WORK INSTRUCTIONS:
Pictures should not appear in the copy; the records themselves must be written out exactly.

EXTRACTED MATERIAL:
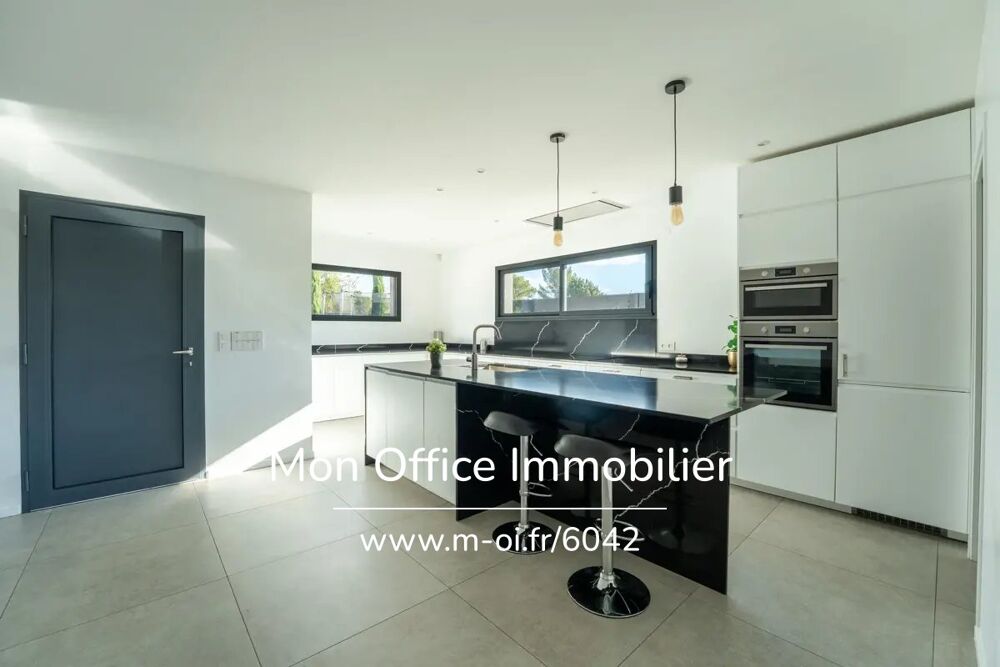 Référence : 6042-DVI - Villa contemporaine de plain-pied à Éguilles 6 pièces - piscine - pool house - garage
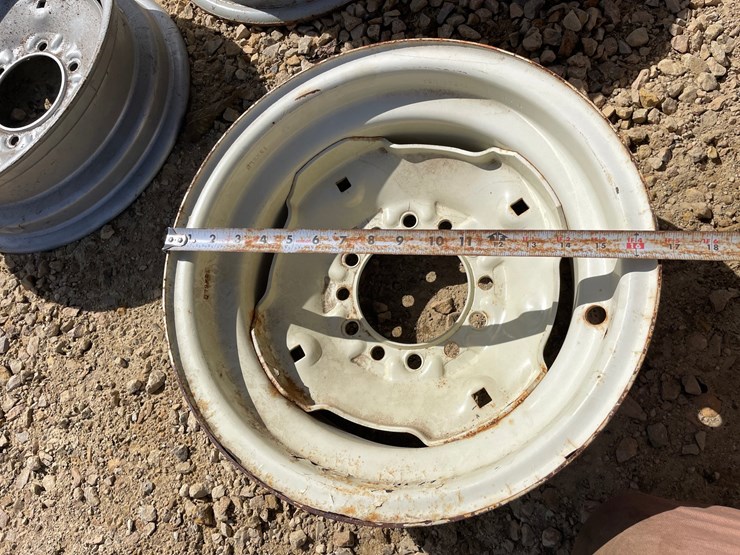 #3025-•-misc.-implement-rims-and-truck-spacer-rings-image-24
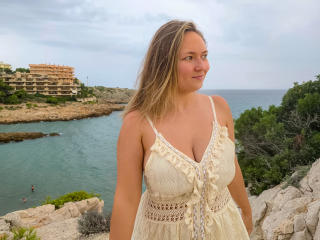 SallyVerda Blowjob XXX Cams - Photo 13/21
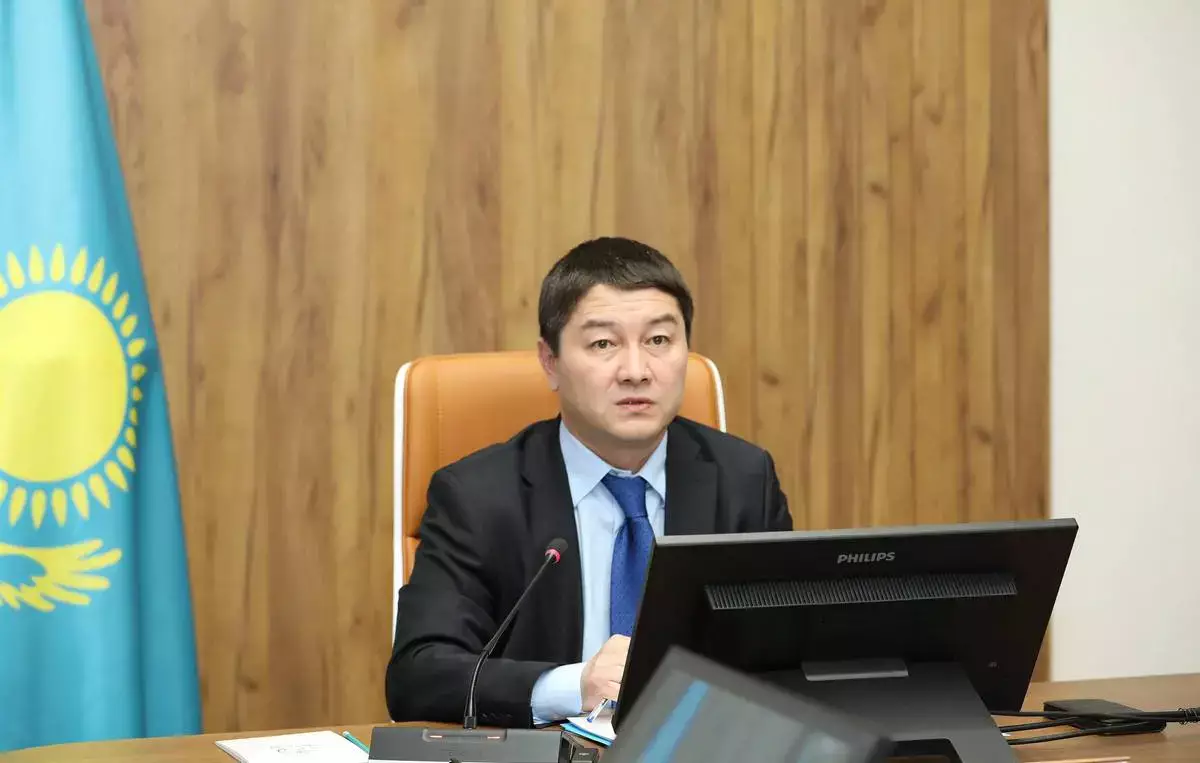 «Женщина – основа нации»: аким Мангистау поздравил жительниц региона с 8 Марта - новости на Lada.kz 08.03.2026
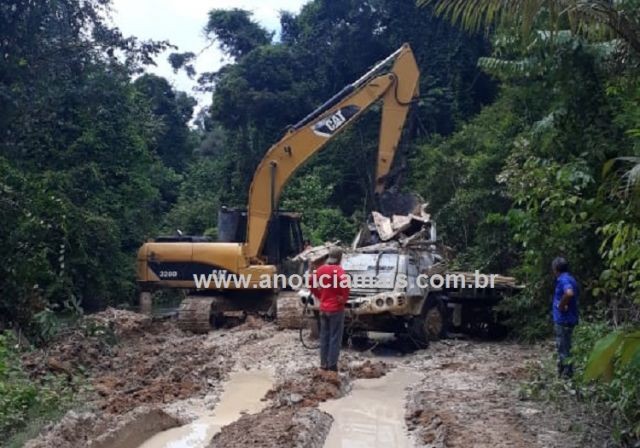 MOTORISTA MORRE APÓS CAMINHÃO CARREGADO DE MADEIRA CAIR DE PONTE - News Rondônia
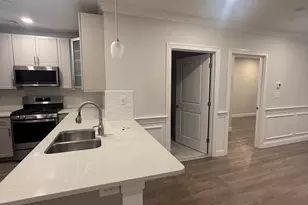 320 Middlesex Ave, Medford, MA 02155 - Photo 4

PROBLEM SOLUTION:
 Référence : 6042-DVI - Villa contemporaine de plain-pied à Éguilles 6 pièces - piscine - pool house - garage
 #3025-•-misc.-implement-rims-and-truck-spacer-rings-image-24
 SallyVerda Blowjob XXX Cams - Photo 13/21
 «Женщина – основа нации»: аким Мангистау поздравил жительниц региона с 8 Марта - новости на Lada.kz 08.03.2026
 MOTORISTA MORRE APÓS CAMINHÃO CARREGADO DE MADEIRA CAIR DE PONTE - News Rondônia
 320 Middlesex Ave, Medford, MA 02155 - Photo 4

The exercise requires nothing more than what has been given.